### Instructions to follow
With the pictures left out, please return exactly the line holding "Sterling Silver Rhodium" and each following line until the entries end.

[Stored items from a collection]
===

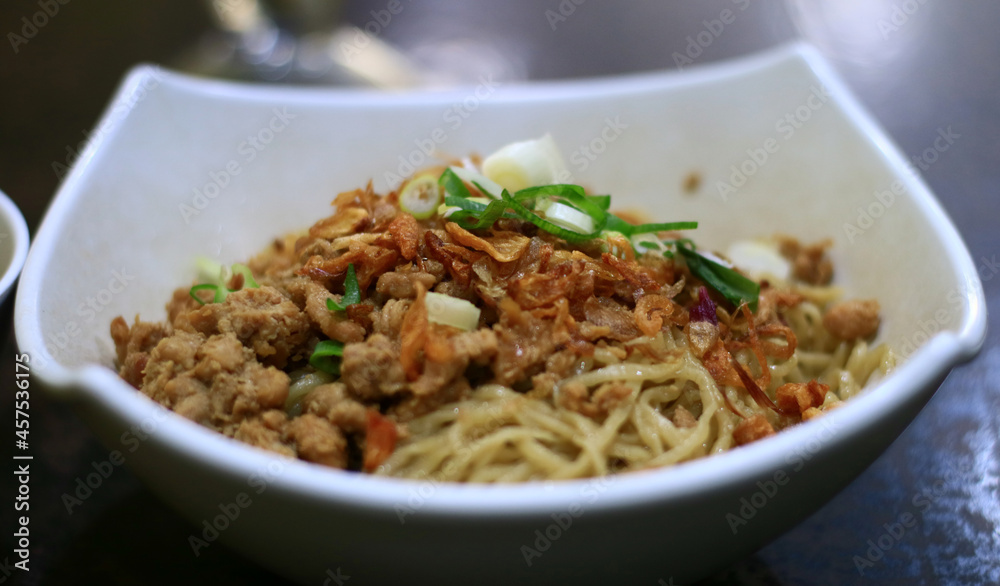 Indonesian chicken noodle or mie ayam. 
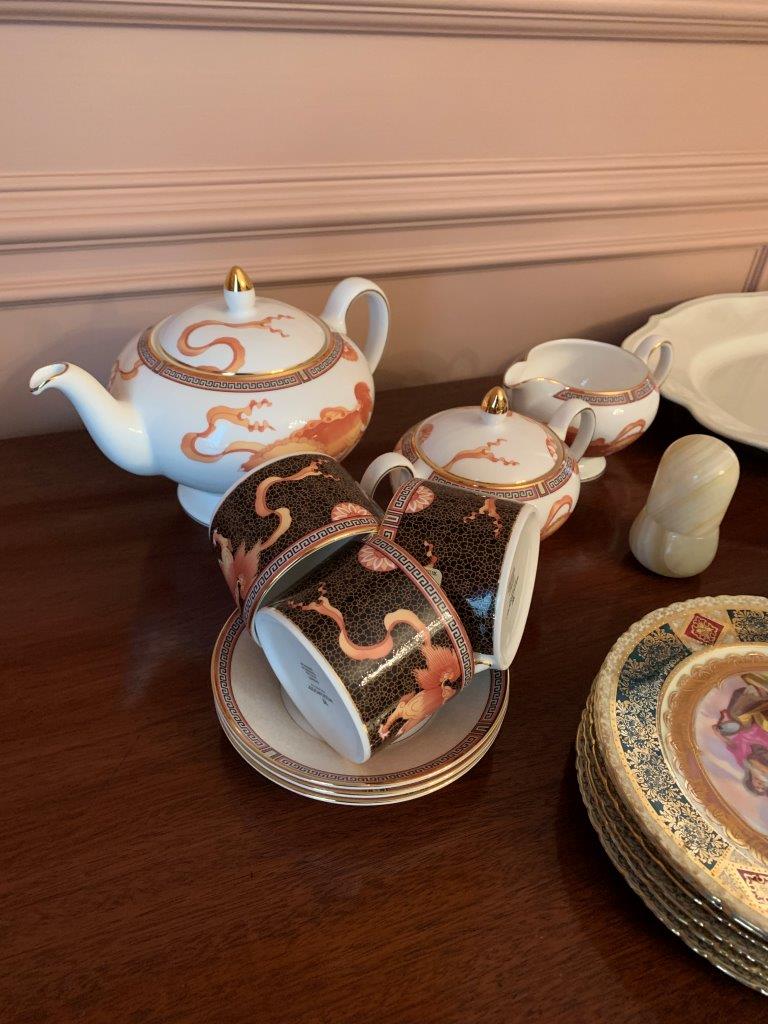 Part Wedgwood 'Dynasty' tea set; Tiffany & Co. 'Mirage' side plates and cups; and other. - Image 3 of 4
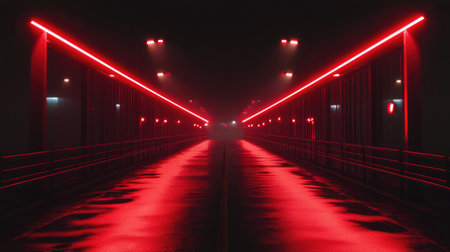 A pedestrian bridge crossing above an empty road, red traffic lights glowing on both ends.の素材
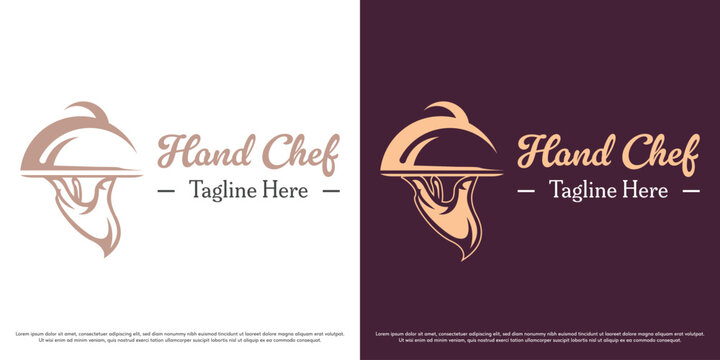 Hand chef logo design illustration vector. Serving food silhouette. Restaurant catering symbol icon.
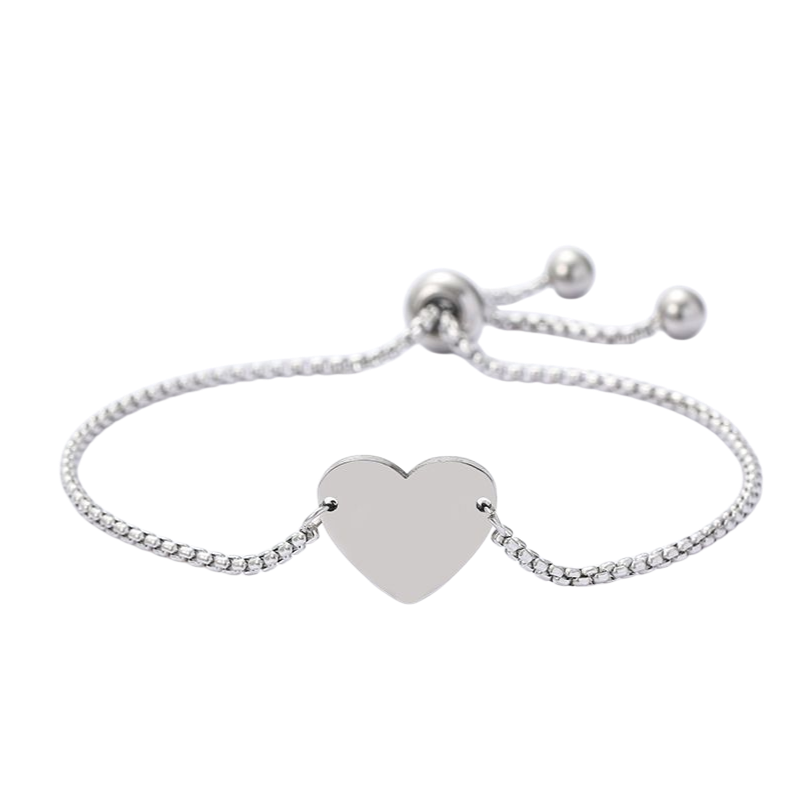 Pulsera Corazón Personalizable en Acero Inoxidable Grabado Láser♥️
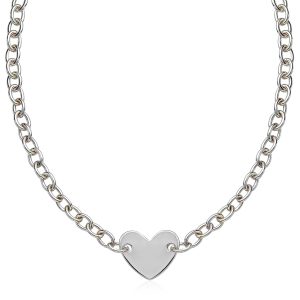 Sterling Silver Rhodium Plated Chain Bracelet with a Flat Heart Motif Station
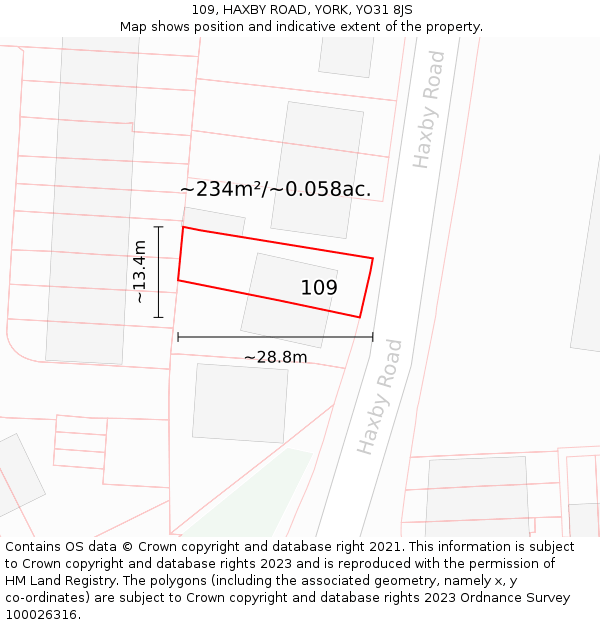109, HAXBY ROAD, YORK, YO31 8JS: Plot and title map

===

### Written reply
 Sterling Silver Rhodium Plated Chain Bracelet with a Flat Heart Motif Station
109, HAXBY ROAD, YORK, YO31 8JS: Plot and title map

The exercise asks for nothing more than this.